A while back, Janet Stemwedel and I had a conversation about her post on the dueling narratives between Daniel Lametti and I on the value of a science Ph.D. Shortly thereafter, she and I had a conversation on graduate school in chemistry and its current state. The conversation, lightly edited for sound, is below:
[I have to take this moment and openly apologize to Janet, in that it took me close to two months to edit the recording and post it. After editing it, I remembered what an excellent conversation it was, and it didn't deserve to languish. So, Janet, I sincerely apologize.]

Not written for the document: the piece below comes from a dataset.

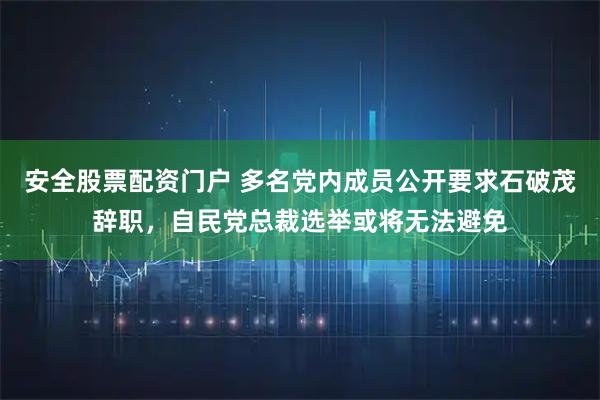 安全股票配资门户 多名党内成员公开要求石破茂辞职，自民党总裁选举或将无法避免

[From now on, I'm going to make myself edit/post within a week.]
Some time markers:
9:00: What are the odds, dear listener, that you're going to get a position as a tenure-track professor?
12:00: The pie chart of Ph.D. chemjobs, including CJ's long digression on the data that's out there on the issue.
21:30: What is the unemployment difference between a non-high-school graduate and a new Ph.D. chemist?
25:00: Will we ever get to retire?
30:00: Janet's impressive time-to-degree.
35:30: Will the problem of the Ph.D. glut be solved by less funding?
39:00: Is science academia a meritocracy? Are we good at picking people to hire?
49:00: The tough economy and larger cohorts in graduate school
57:00: A brief, but really important, digression into Professor Kate Clancy's sports psychology post on things that you can control, and things that you cannot. I am terribly remiss in not posting on this sooner, and I will.